Circulating Enlightenment
Title | Circulating Enlightenment PDF eBook |
Author | Adam Budd |
Publisher | Oxford University Press |
Total Pages | 651 |
Release | 2021-01-23 |
Genre | Language Arts & Disciplines |
ISBN | 0199557179 |
Historians of the intellectual and literary culture of the Enlightenment have recognised the importance of Andrew Millar (1705-68). His publisher's imprint adorned the title-pages of the most important works of the eighteenth century, in fiction, poetry, drama, medicine, and philosophy. This is the first extended study of Millar's commercial and social role in the commissioning, production, circulation, and consumption of Enlightenment literature in Britain. Providing a new intervention on the culture of Enlightenment this study shows how and why Millar provoked major controversies through his role as friend, patron, and publisher to great rivals in the republic of letters. An unprecedent analysis of publishing and authorship at the intersection of politics, business, visual arts, moral debate, and literary self-fashioning, this study of Andrew Millar also shows the degree to which Scottish identity shaped a professional career within London's rise as the cosmopolitan centre of learning and trade at the heart of the British empire. This volume presents hundreds of previously unpublished letters that passed between Millar and his literary network, and includes the 52 letters that passed between Millar and David Hume, the majority of which have been edited for the first time since 1931. This is a major contribution to the material and intellectual worlds that defined the culture of Enlightenment in Britain during the eighteenth century, casting new light in the history of publishing and authorship.

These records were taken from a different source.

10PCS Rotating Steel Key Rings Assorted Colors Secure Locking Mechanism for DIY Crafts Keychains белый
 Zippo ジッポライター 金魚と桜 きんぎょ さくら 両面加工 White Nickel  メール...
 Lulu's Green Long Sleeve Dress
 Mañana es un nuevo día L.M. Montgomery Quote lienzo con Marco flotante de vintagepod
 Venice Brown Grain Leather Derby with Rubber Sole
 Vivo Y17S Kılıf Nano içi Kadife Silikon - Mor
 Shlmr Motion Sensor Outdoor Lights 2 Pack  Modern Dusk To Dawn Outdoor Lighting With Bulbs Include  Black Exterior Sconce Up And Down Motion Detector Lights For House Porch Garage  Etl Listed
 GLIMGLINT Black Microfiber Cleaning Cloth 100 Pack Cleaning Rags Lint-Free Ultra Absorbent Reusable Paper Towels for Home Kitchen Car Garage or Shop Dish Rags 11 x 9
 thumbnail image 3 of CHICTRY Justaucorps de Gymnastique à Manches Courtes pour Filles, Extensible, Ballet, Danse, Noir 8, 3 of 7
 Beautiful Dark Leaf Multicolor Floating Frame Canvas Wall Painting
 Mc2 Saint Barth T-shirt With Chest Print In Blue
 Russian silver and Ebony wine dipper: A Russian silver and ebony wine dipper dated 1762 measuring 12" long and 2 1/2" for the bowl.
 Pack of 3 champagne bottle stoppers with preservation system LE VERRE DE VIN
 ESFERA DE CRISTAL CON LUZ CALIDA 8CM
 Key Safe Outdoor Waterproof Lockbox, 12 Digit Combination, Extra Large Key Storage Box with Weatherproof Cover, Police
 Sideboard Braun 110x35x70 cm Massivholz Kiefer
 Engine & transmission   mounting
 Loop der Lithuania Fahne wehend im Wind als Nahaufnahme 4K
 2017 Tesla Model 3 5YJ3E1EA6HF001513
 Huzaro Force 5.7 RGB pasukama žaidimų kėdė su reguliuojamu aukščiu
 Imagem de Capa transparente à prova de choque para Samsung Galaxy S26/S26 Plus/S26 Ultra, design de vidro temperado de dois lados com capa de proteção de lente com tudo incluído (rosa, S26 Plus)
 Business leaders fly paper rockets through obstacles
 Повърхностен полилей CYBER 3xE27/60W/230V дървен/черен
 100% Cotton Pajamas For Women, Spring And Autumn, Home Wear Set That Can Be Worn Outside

Printing History and Cultural Change
Title | Printing History and Cultural Change PDF eBook |
Author | Richard Wendorf |
Publisher | Oxford University Press |
Total Pages | 349 |
Release | 2022-03-24 |
Genre | Literary Criticism |
ISBN | 0192653121 |
This study provides one of the most detailed and comprehensive examinations ever devoted to a critical transformation in the material substance of the printed page; it carries out this exploration in the history of the book, moreover, by embedding these typographical changes in the context of other cultural phenomena in eighteenth-century Britain. The gradual abandonment of pervasive capitalization, italics, and caps and small caps in books printed in London, Dublin, and the American colonies between 1740 and 1780 is mapped in five-year increments which reveal that the appearance of the modern page in English began to emerge around 1765. This descriptive and analytical account focuses on poetry, classical texts, Shakespeare, contemporary plays, the novel, the Bible, the Book of Common Prayer, sermons and religious writings, newspapers, magazines, anthologies, government publications, and private correspondence; it also examines the reading public, canon formation, editorial theory and practice, and the role of typography in textual interpretation. These changes in printing conventions are then compared to other aspects of cultural change: the adoption of the Gregorian calendar in 1752, the publication of Johnson's Dictionary in 1755, the transformation of shop signs and the imposition of house numbers in London beginning in 1762, and the evolution of the English language and of English prose style. This study concludes that this fundamental shift in printing conventions was closely tied to a pervasive interest in refinement, regularity, and standardization in the second half of the century—and that it was therefore an important component in the self-conscious process of modernizing British culture.